In a Twitter post, TNC outlined the consequences should Kuku decide to attend the tournament. Dota 2 personalities such as Grant “GranDGranT” Harris, David “GoDz” Parker, Henrik “AdmiralBulldog” Ahnberg, Vitalii Nikolaevich “v1lat” Volochai, and Paul “Redeye” Chaloner pledged not to attend the Major if the ban persisted.
Valve then clarified in their own recent statement that Kuku was not banned by the Chinese government. The developer also explained that they are stepping in directly because TNC mishandled the situation on multiple occasions.
“To be clear, TNC is not the victim in this case. It is not okay to cover up the situation, avoid any real sense of responsibility and then deflect it onto the community,” Valve posted.
As a penalty, Valve has banned Kuku from Chongqing Major and will dock 20% from TNC’s current Dota Pro Circuit points. This means that TNC will have a stand-in for Chongqing Major and Kuku can return for the next DPC tournaments.

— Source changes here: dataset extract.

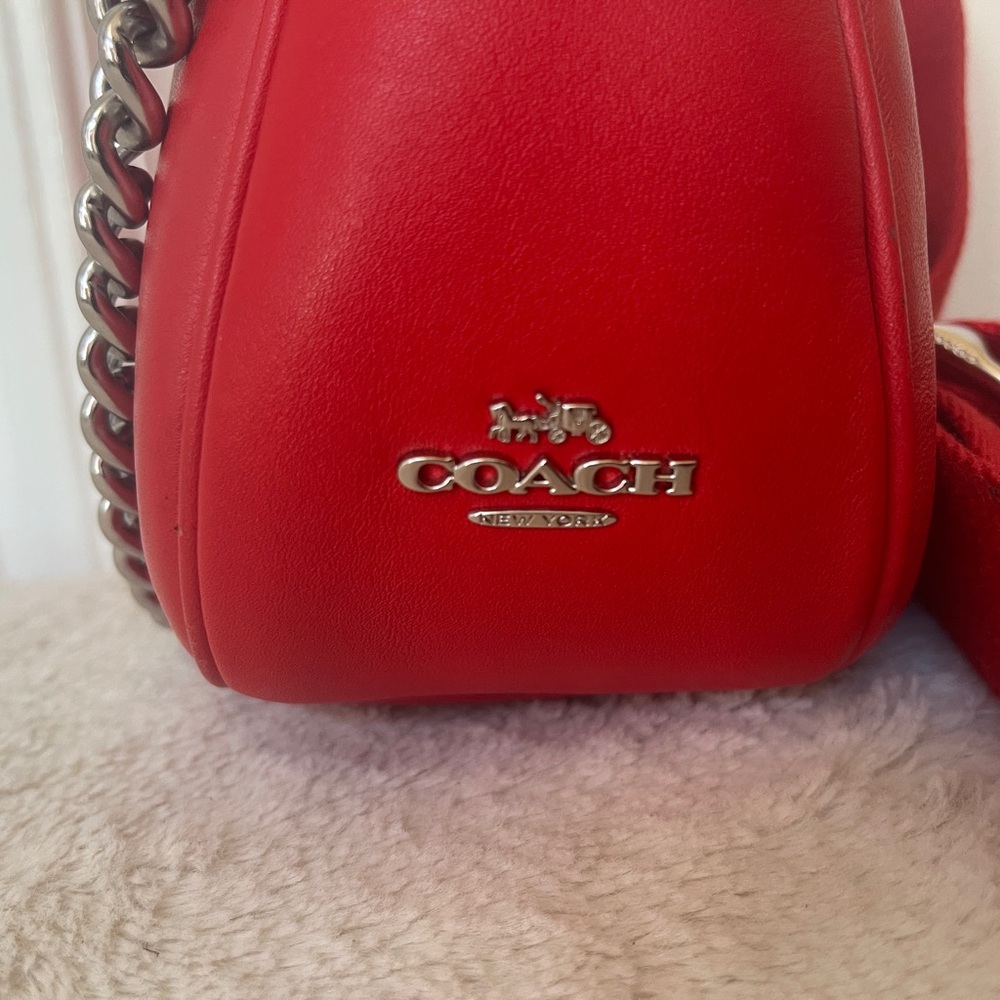 Coach Teri Shoulder Bag With Signature Quilting EUC - Picture 3 of 14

With the saga having finally concluded, more questions were raised that went unaddressed by Valve. How truthful is Matthew “Cyborgmatt” Bailey’s original Twitter post confirming the ban from the event? How reliable was SLTV’s information about the consequences if Kuku attended the event? And why haven’t Chongqing Major organizers haven’t released a statement on the situation?
The Dota 2 community has been on a roller coaster ride in the past few days, but Valve’s statement will likely be the last chapter regarding Kuku’s role in this drama.